# WORKING DATA
________________
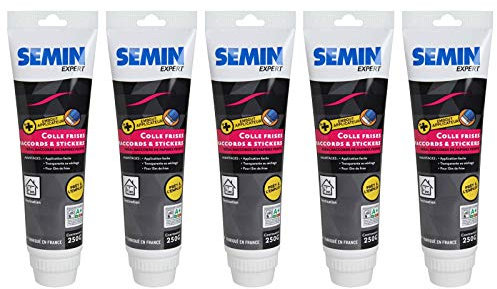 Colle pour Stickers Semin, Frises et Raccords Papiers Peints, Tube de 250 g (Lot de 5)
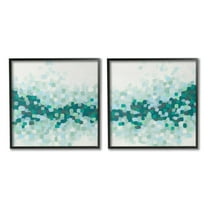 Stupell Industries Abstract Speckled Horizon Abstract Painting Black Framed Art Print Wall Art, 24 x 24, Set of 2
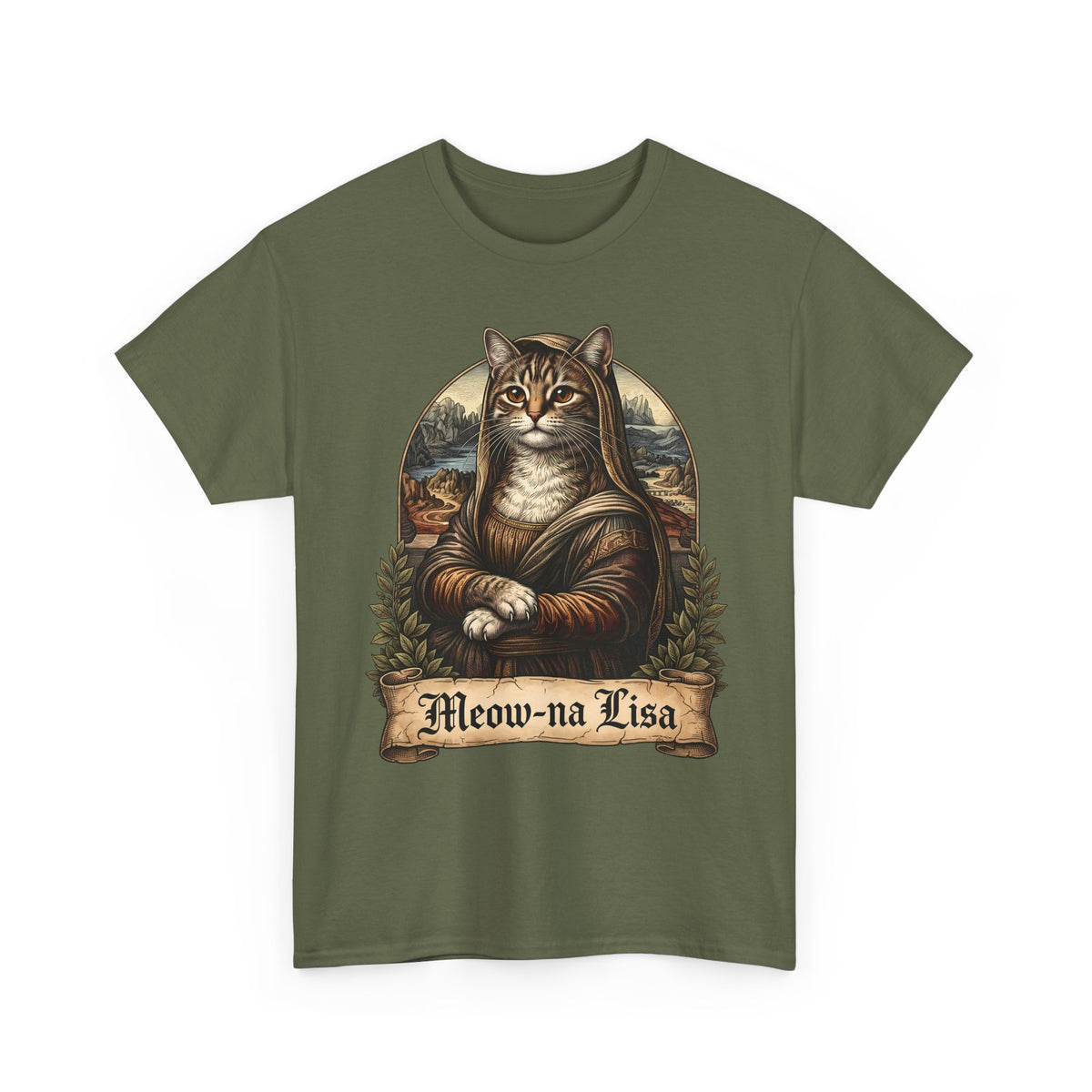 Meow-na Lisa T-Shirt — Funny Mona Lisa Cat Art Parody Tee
________________
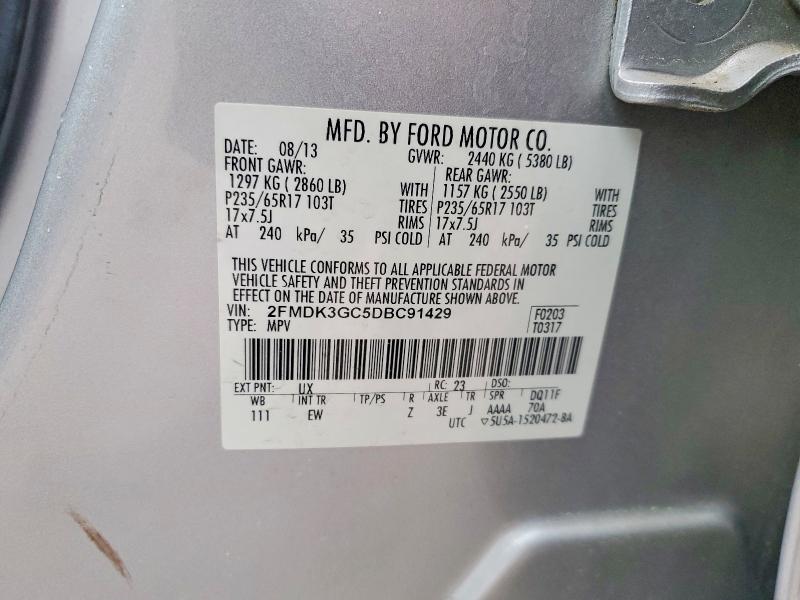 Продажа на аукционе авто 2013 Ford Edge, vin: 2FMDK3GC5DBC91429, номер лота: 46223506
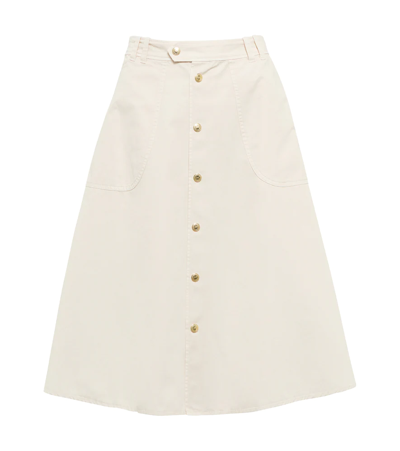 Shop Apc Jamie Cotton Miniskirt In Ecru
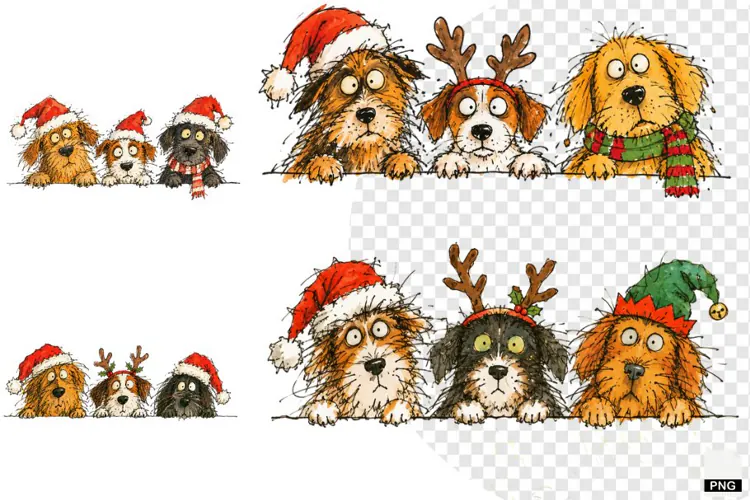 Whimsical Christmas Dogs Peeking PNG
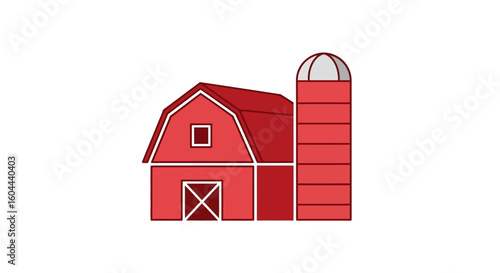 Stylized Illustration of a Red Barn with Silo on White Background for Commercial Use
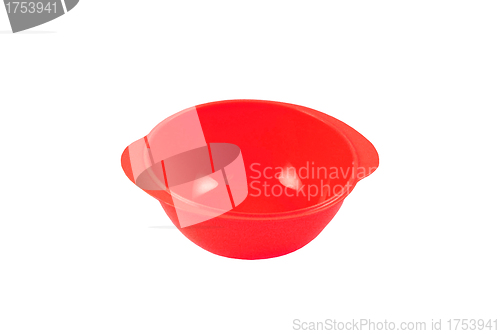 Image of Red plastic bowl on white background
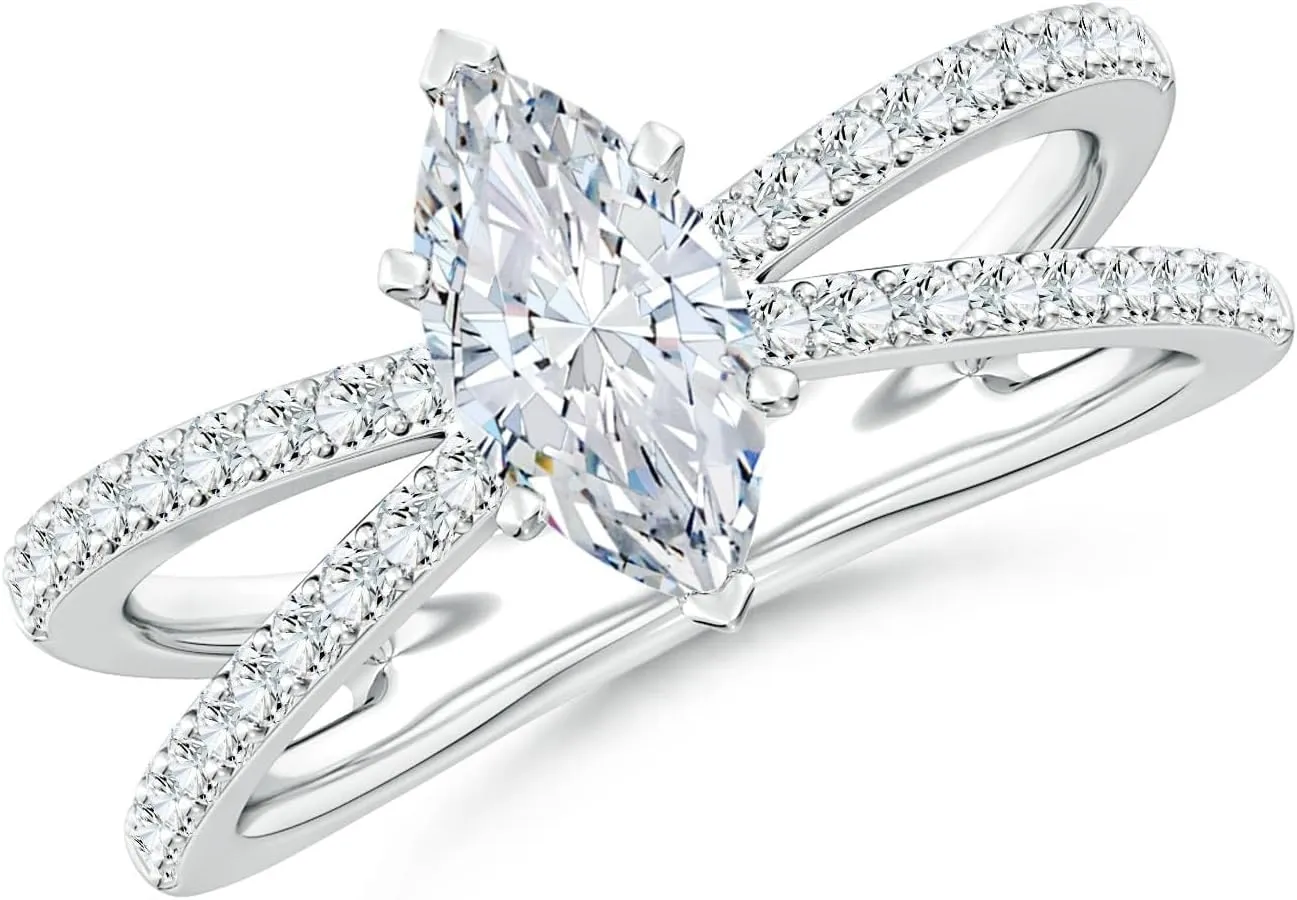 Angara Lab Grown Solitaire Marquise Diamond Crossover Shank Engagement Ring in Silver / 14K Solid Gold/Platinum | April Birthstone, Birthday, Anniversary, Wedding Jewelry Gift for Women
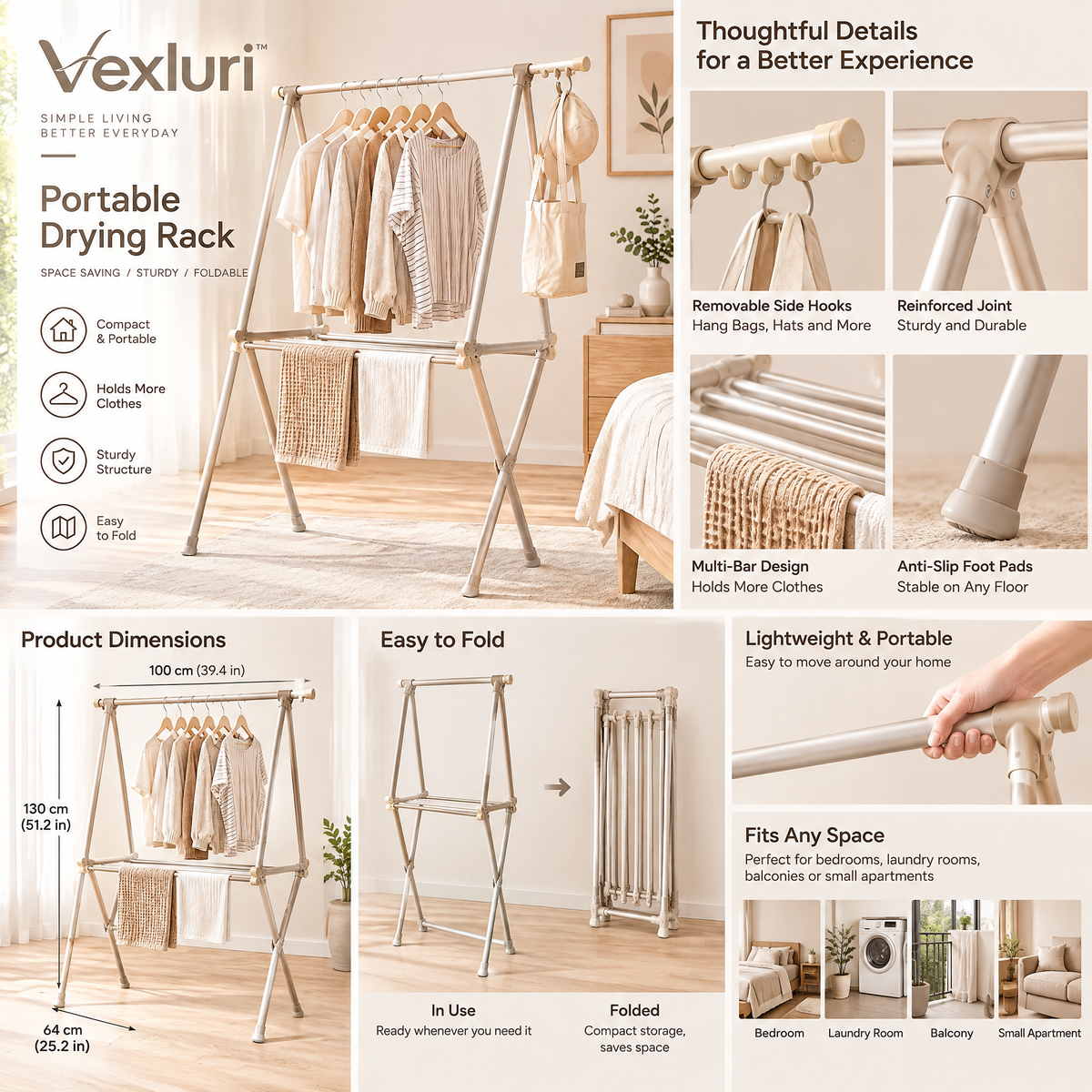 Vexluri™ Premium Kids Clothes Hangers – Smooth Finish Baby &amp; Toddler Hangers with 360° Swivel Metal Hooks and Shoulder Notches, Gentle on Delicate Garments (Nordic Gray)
________________
# TASK STATEMENT
In the records above, copy exactly everything from the line that has "Image of Red" down to the line that has "Angara Lab Grown", both ends included, and leave out the pictures.

# RESULT OF THIS TASK
 Image of Red plastic bowl on white background
 Angara Lab Grown Solitaire Marquise Diamond Crossover Shank Engagement Ring in Silver / 14K Solid Gold/Platinum | April Birthstone, Birthday, Anniversary, Wedding Jewelry Gift for Women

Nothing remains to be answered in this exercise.